[Tutorial] Access HPC files from an S3 gateway

This isn’t strictly related to HPC but may be anyway helpful.

If you want to access your files on the clusters from an application, it may be interesting to access them through an Amazon S3 gateway like.

This quick tutorial will explain how to do so with minio. This is a commercial solution but they do have a community version as well and they distribute it as a Docker image.

On the cluster we don’t provide Docker but an alternative named Singularity. The good news is that it is easy to convert images from Docker to Singularity.
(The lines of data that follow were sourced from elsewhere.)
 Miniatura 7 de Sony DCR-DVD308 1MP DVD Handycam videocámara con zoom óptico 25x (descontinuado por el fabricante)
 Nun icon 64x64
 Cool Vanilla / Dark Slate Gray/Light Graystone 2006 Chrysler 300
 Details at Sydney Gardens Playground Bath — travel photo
When you’ll launch the minio server, there is an associated web console that is launched. To access it, you need credentials that you should define as environment variable like that prior to launch the server:

[sagon@login2 ~] $export MINIO_ROOT_USER=myroot
[sagon@login2 ~] $export MINIO_ROOT_PASSWORD=veryhardtoguess (min 8 char)
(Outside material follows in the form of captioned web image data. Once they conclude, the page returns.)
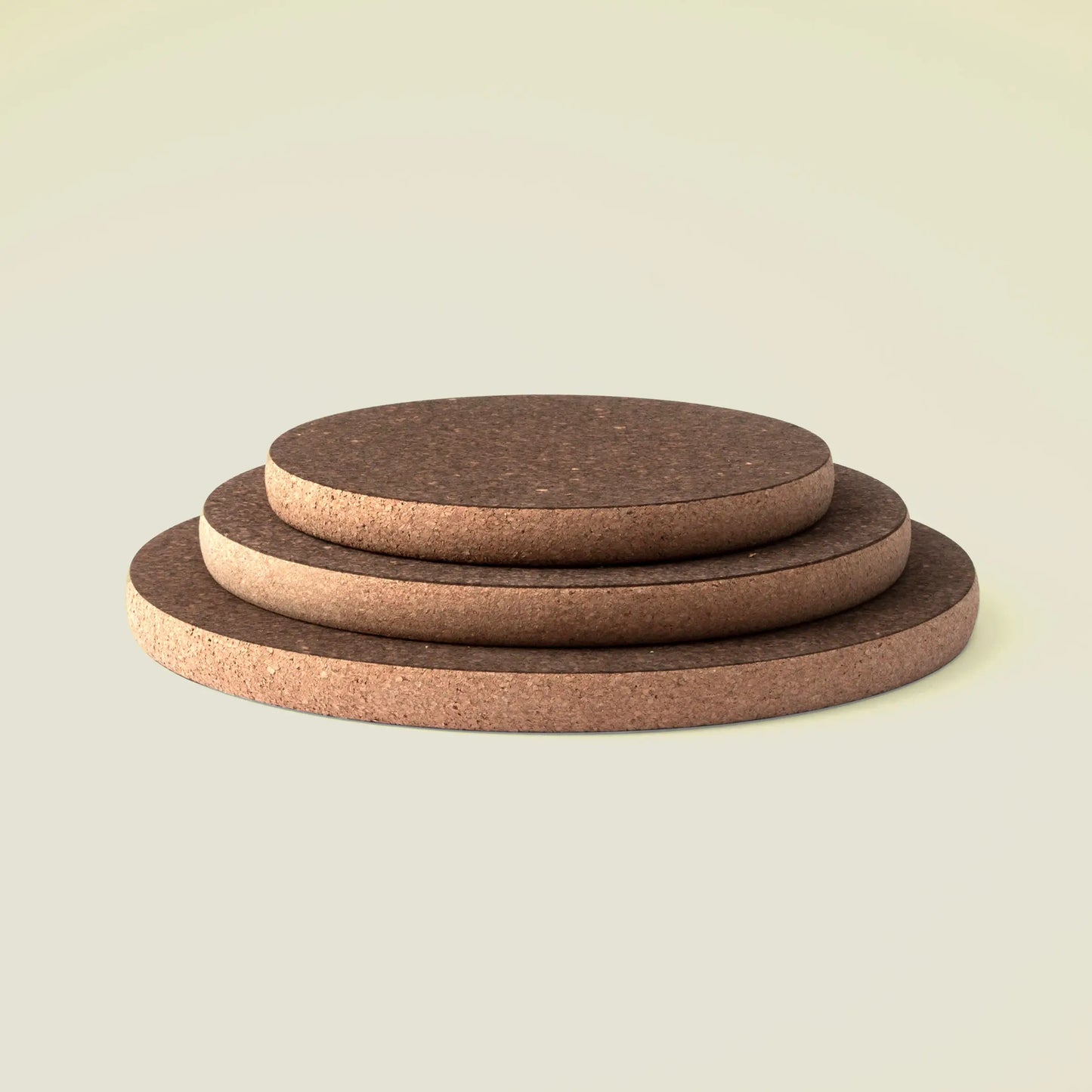 Dark Cork Trivet | Round Hot Pot Stand | Made in Portugal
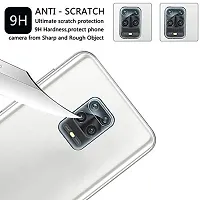 ZARALA Back Camera Lens Protector Flexible Screen for redmi note 9-thumb1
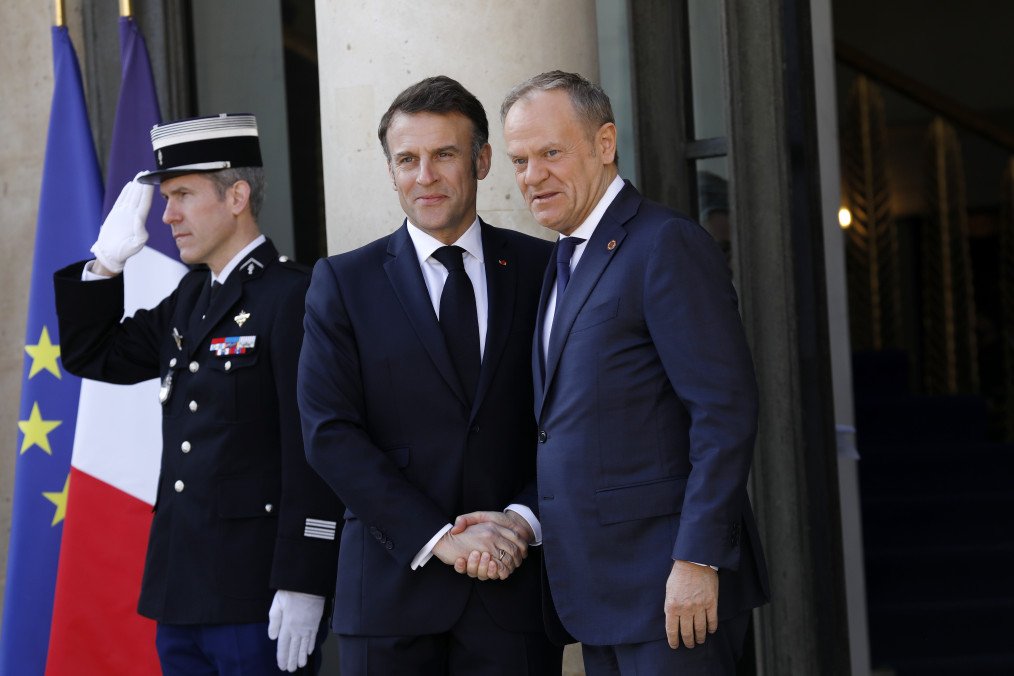 Macron and Tusk to Sign Strategic Pact as France and Poland Counter Russia’s Threat Macron and Tusk to Sign Strategic Pact as France and Poland Counter Russia’s Threat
Then you should load Singularity module:

[sagon@login2 ~] $ml GCC/9.3.0 Singularity/3.7.3-Go-1.14

When launching minio, you need to specify the listening port and the data location from where the files will be served.
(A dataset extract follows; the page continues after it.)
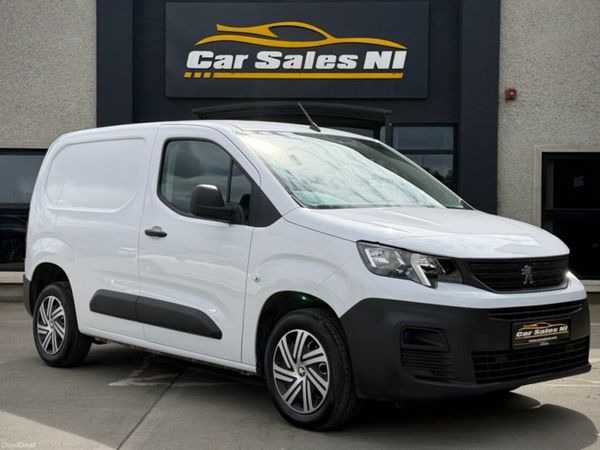 Peugeot Partner Van, Diesel, 2024, White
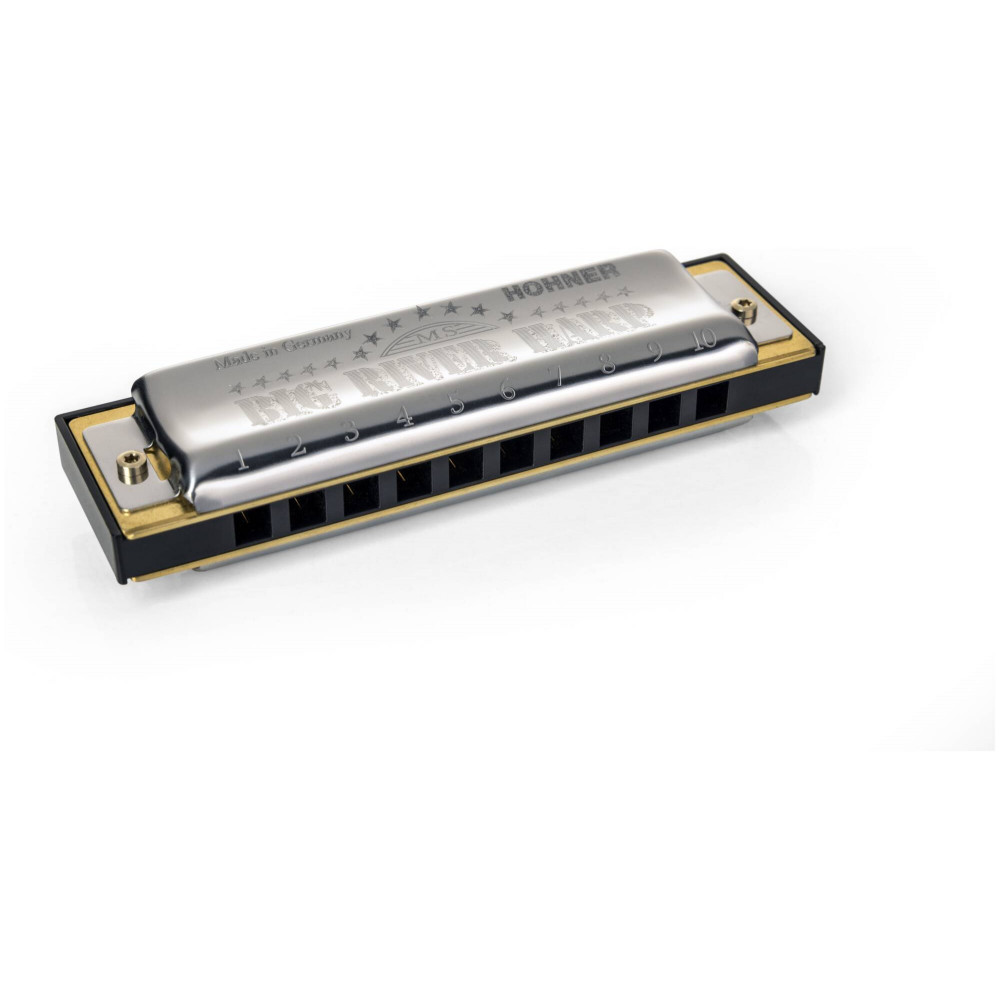 HOHNER Big river harp D-major - Губная гармоника диатоническая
Launch the minio server, listening on port 9000 for S3 access, and port 9001 for web console access, serving the directory /home/sagon/minio:

[sagon@login2 ~] $ singularity run docker://minio/minio server /home/sagon/minio/ --console-address ":9001"
INFO:    Using cached SIF image
RootUser: myroot
RootPass: veryhardtoguess 

RootUser: myroot
RootPass: veryhardtoguess 

Command-line: https://docs.min.io/docs/minio-client-quickstart-guide
   $ mc alias set myminio myroot veryhardtoguess 

Documentation: https://docs.min.io

Even if the public ip of login2 is listed as API entrypoint, it isn’t possible to access the server through the it as we are using a firewall as announced during the previous maintenance

Once launched, you need to open a web browser, using x2go or an ssh tunnel for example and connect to the web interface with the credentials you defined previously. See this post for a tunnel or socks example.

On this interface, you should create a bucket (this is like a namespace or a top directory, that will hold the files).

You must as well create a new user to that will be able to access the files using S3.
Remember the access key id and secret access key. You can specify one or more policies, in this case I’m giving read/write rights to the user.

Once done, you may try to access your files through an S3 browser such as this one.

You need to create an account based on the user you created previously.

And you can now access your files with the S3 client (again from inside the cluster or with a tunnel or proxy)

Thanks for reading, feedback welcome!